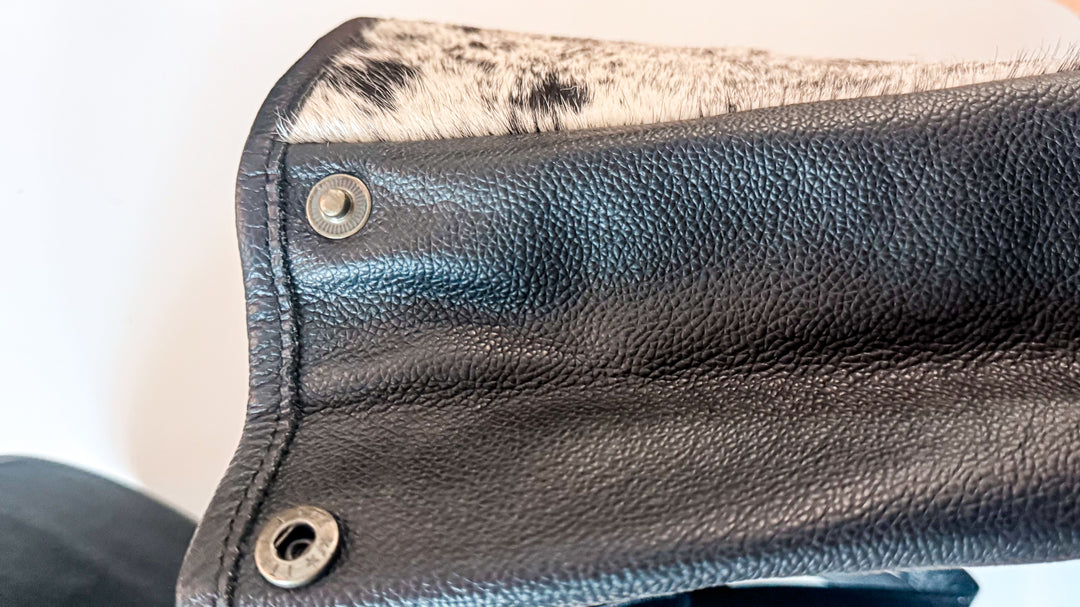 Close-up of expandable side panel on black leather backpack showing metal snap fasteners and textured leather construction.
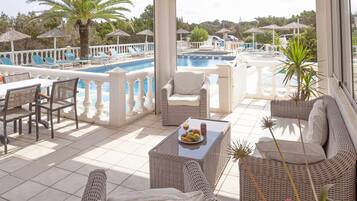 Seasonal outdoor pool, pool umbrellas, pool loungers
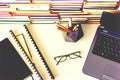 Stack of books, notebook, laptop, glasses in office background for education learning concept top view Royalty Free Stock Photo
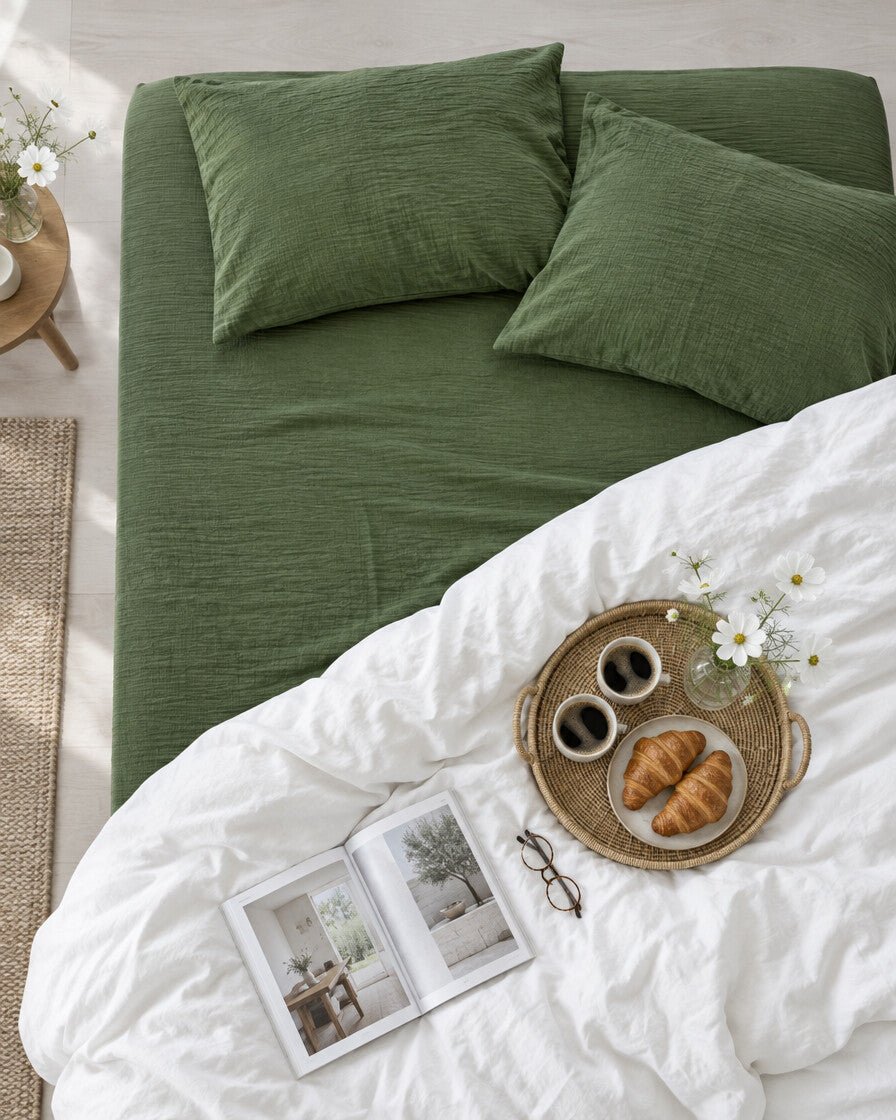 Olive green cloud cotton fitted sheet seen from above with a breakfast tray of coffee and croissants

============================================================

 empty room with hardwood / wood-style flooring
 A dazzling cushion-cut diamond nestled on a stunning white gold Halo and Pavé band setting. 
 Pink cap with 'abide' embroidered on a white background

============================================================

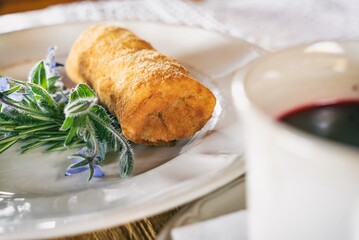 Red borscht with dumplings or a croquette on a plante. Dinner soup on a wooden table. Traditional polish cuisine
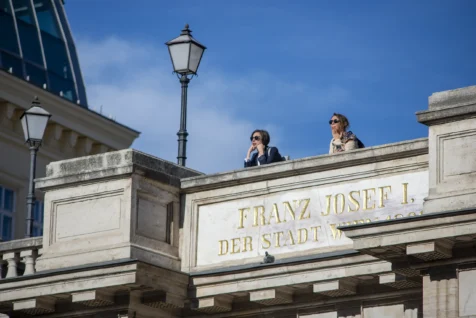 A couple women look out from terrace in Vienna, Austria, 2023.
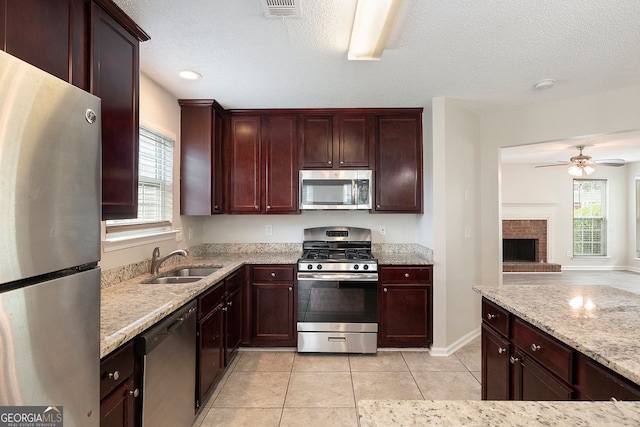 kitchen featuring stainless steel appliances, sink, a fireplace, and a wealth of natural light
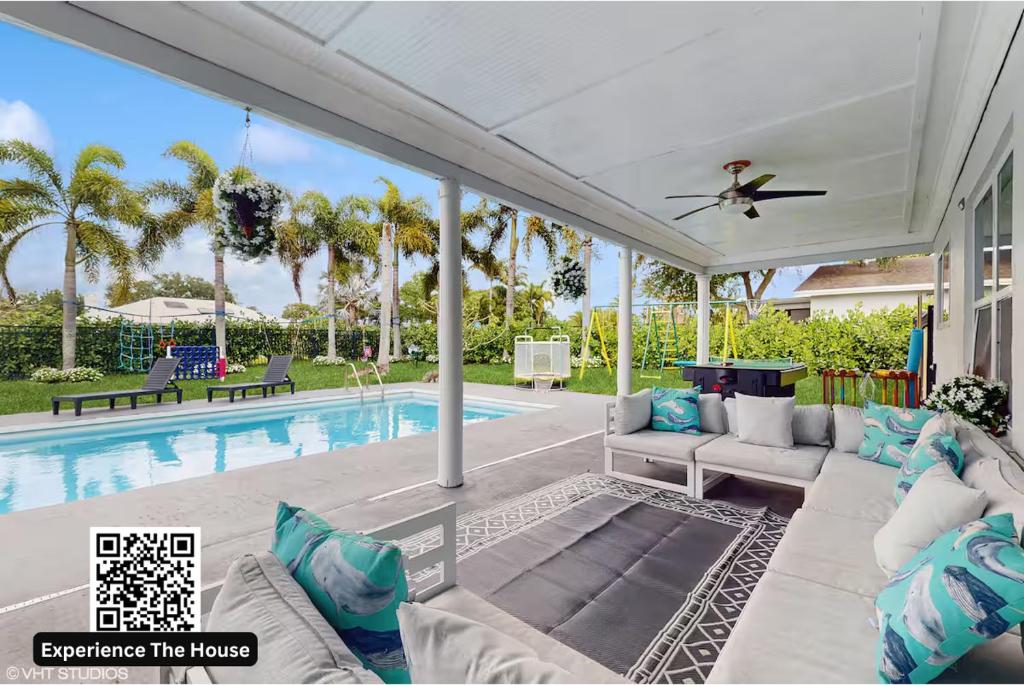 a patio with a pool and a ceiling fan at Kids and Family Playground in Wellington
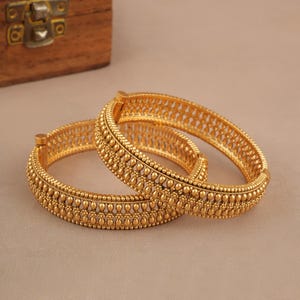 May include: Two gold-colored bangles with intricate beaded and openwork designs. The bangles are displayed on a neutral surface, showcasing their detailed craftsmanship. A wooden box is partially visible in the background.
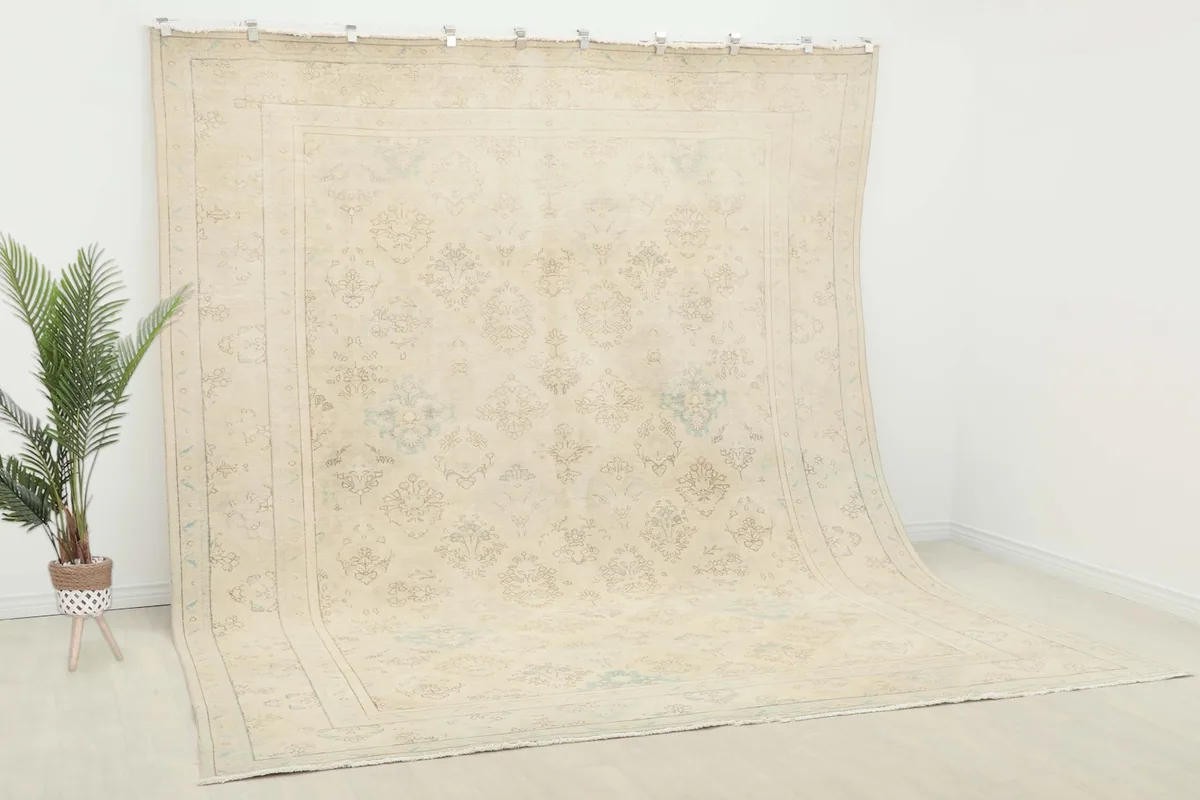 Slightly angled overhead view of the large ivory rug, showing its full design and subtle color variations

============================================================

» Work item
Look back at the data above, then output exactly the lines from the line holding "May include: Two" up to and including the line holding "Slightly angled overhead". Leave out the pictures.

» Task answer
 May include: Two gold-colored bangles with intricate beaded and openwork designs. The bangles are displayed on a neutral surface, showcasing their detailed craftsmanship. A wooden box is partially visible in the background.
 Slightly angled overhead view of the large ivory rug, showing its full design and subtle color variations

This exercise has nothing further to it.